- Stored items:
+===+
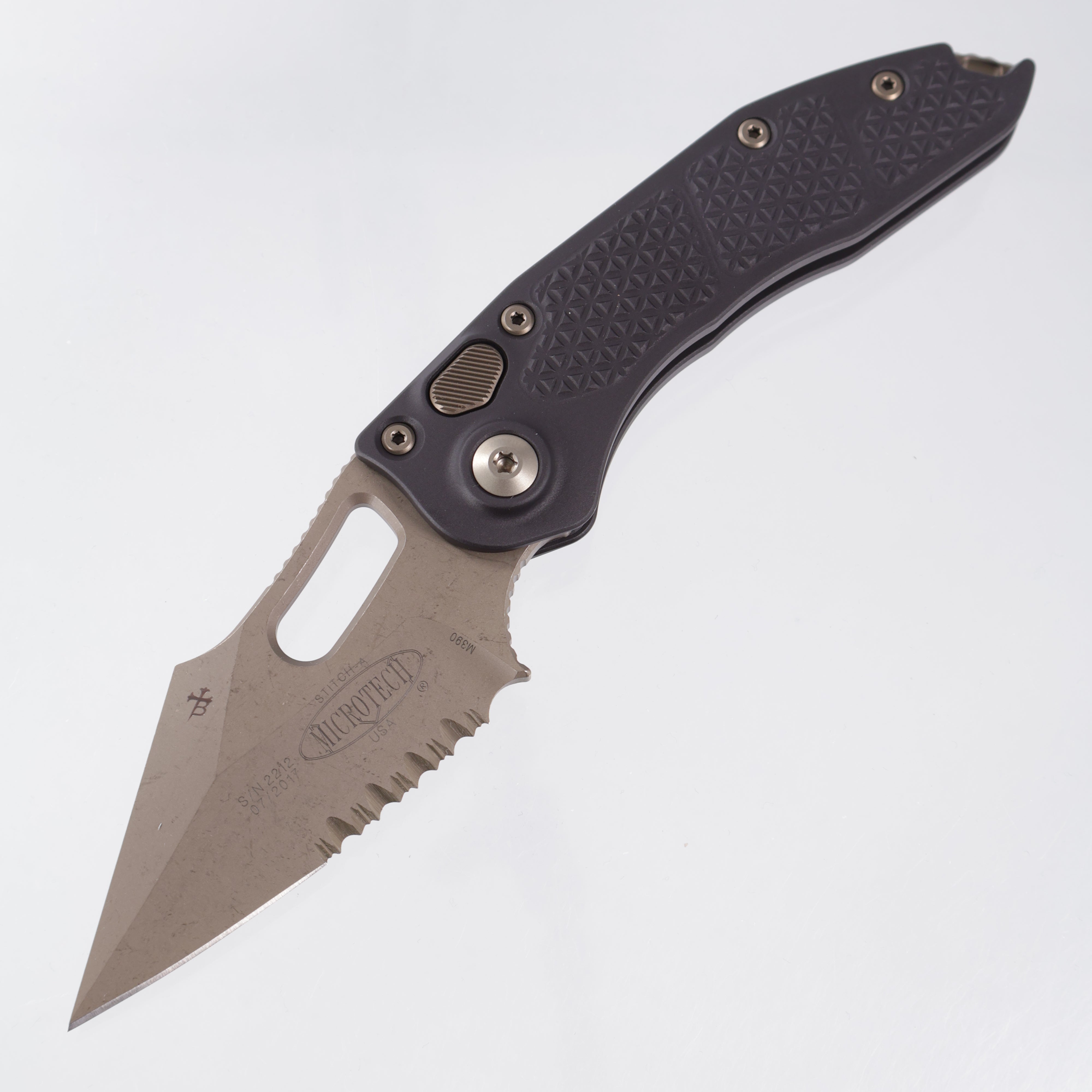 Microtech Stitch Auto - Black Aluminum w/ Bronze Hardware - Bronze Apocalyptic Full Serate M390 - 169-13 *NEW OLD STOCK*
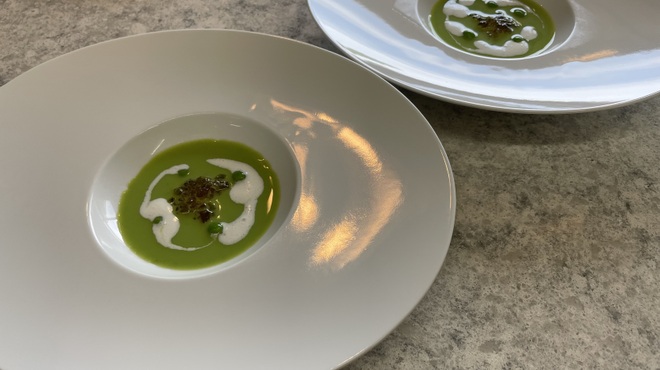 MAISON HIBINO - 料理写真:グリーンピースの冷製スープ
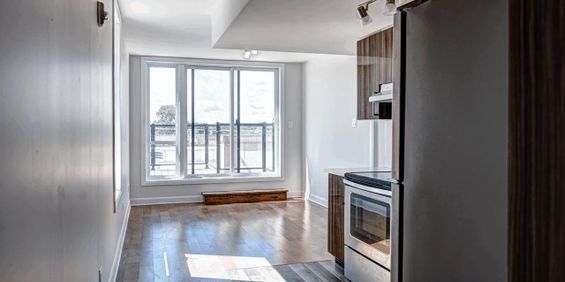 7070 Cote Saint Luc Road - 7070 Cote Saint Luc Road, Montréal - Photo 3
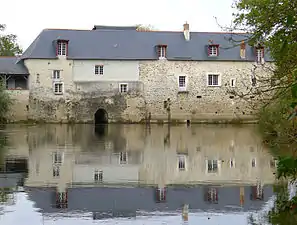 Moulin à eau sur la Suine (affluent de la Mayenne) au lieu-dit Sautré.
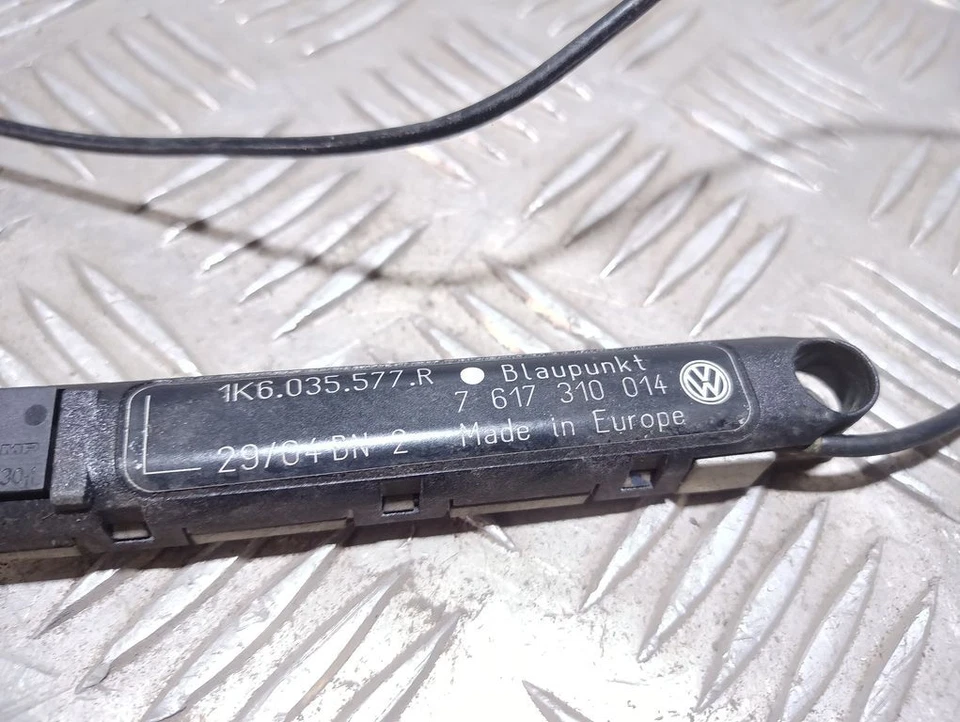 Volkswagen Golf V 2004 Antenna Booster Signal Booster 1K6035577R UST80470 - Image 2 of 4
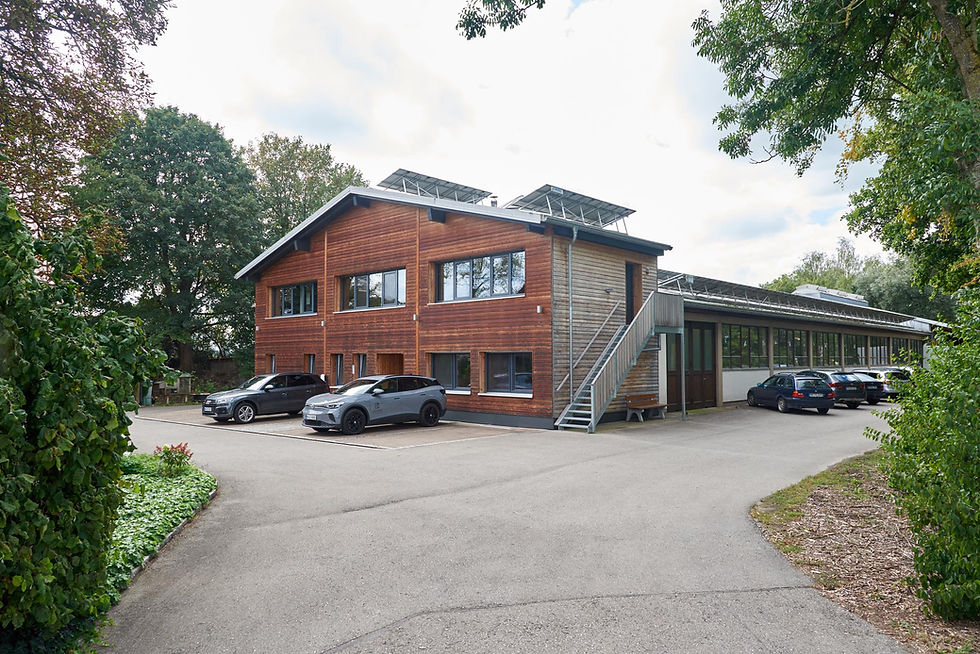 Firmengebäude der Schreinerei Eisenschmid in Salgen im Unterallgäu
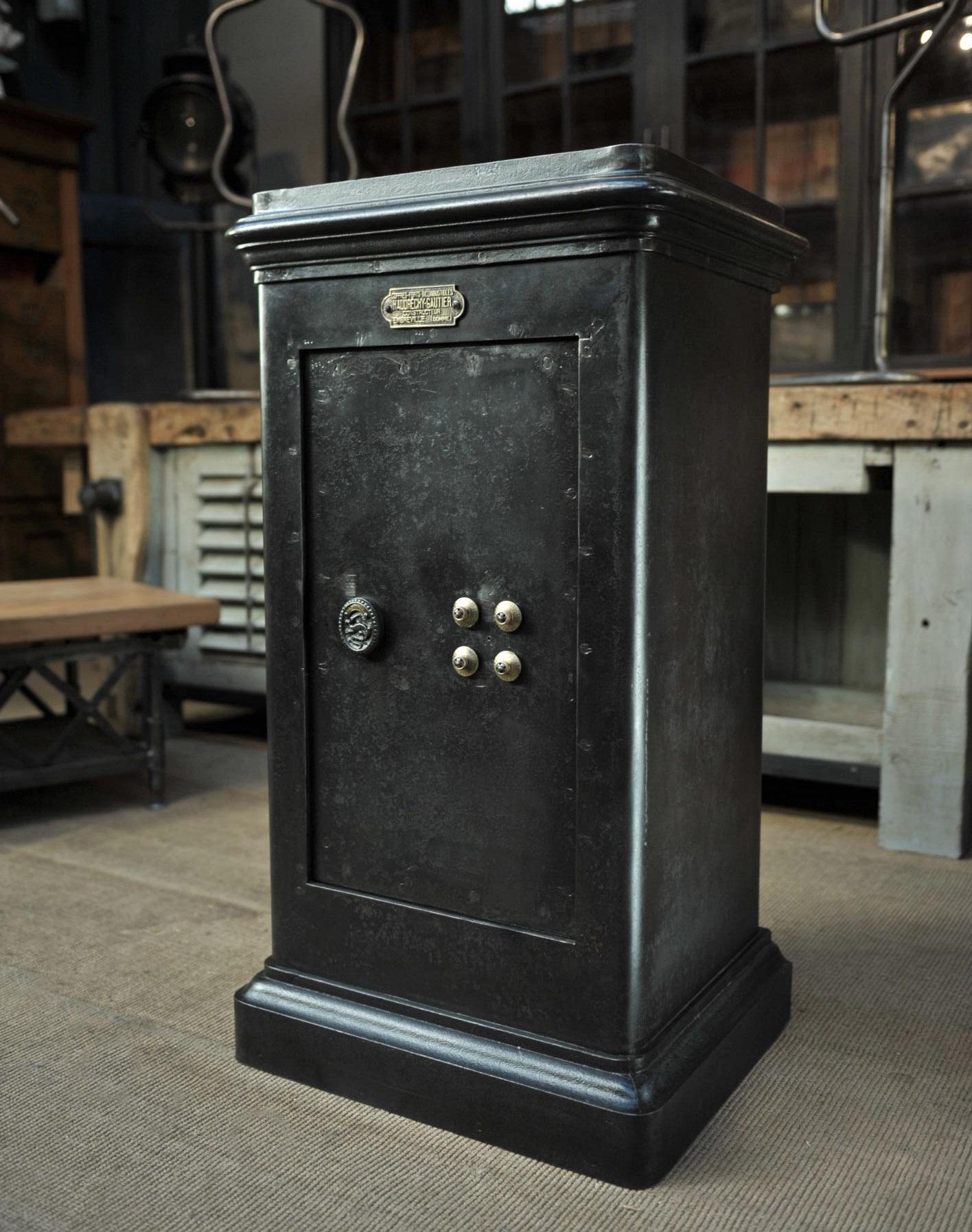 Art Nouveau Iron and Brass Safe Cabinet by Bauche circa 1910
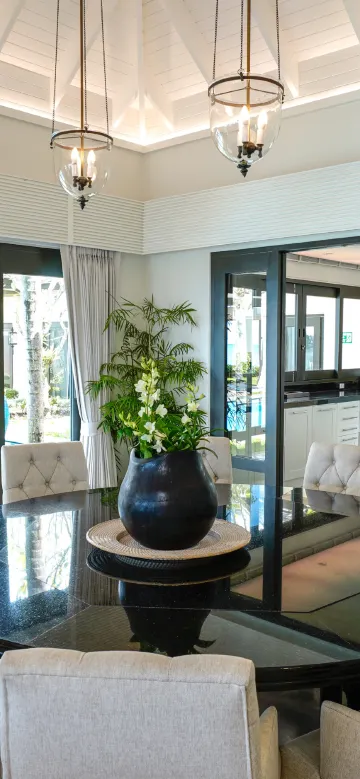 วิลล่า จำปา - วิลล่าริมชายหาด 5 ห้องนอน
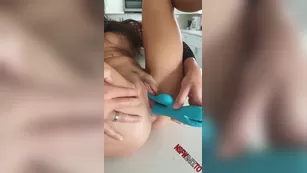 Violet Summers Fishnet and squirting порно реальный секс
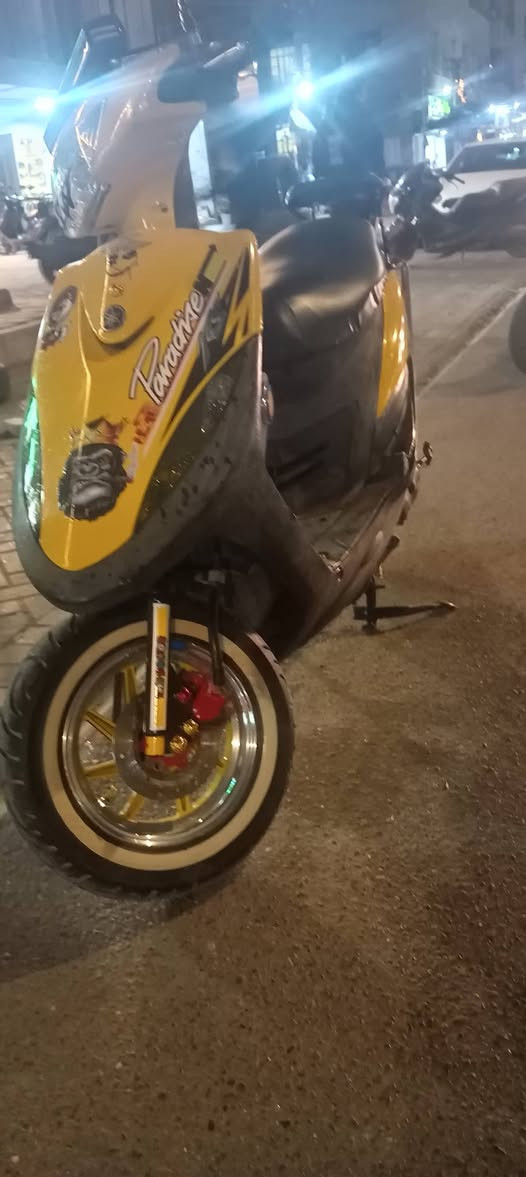 سلام عليكم دراجه ماكس عدله مكينه خير من الله سلف بلادي هندر شلعه معدل كهربائيات كله كامله ما نقصه شي مكان بغداد كم ساره رقم الهاتف ***********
+===+
- WORK TO COMPLETE:
Please copy the records above word for word, leaving out every picture.

- SOLVED PROBLEM:
 Microtech Stitch Auto - Black Aluminum w/ Bronze Hardware - Bronze Apocalyptic Full Serate M390 - 169-13 *NEW OLD STOCK*
 MAISON HIBINO - 料理写真:グリーンピースの冷製スープ
 7070 Cote Saint Luc Road - 7070 Cote Saint Luc Road, Montréal - Photo 3
 Moulin à eau sur la Suine (affluent de la Mayenne) au lieu-dit Sautré.
 Volkswagen Golf V 2004 Antenna Booster Signal Booster 1K6035577R UST80470 - Image 2 of 4
 Firmengebäude der Schreinerei Eisenschmid in Salgen im Unterallgäu
 Art Nouveau Iron and Brass Safe Cabinet by Bauche circa 1910
 วิลล่า จำปา - วิลล่าริมชายหาด 5 ห้องนอน
 Violet Summers Fishnet and squirting порно реальный секс
 سلام عليكم دراجه ماكس عدله مكينه خير من الله سلف بلادي هندر شلعه معدل كهربائيات كله كامله ما نقصه شي مكان بغداد كم ساره رقم الهاتف ***********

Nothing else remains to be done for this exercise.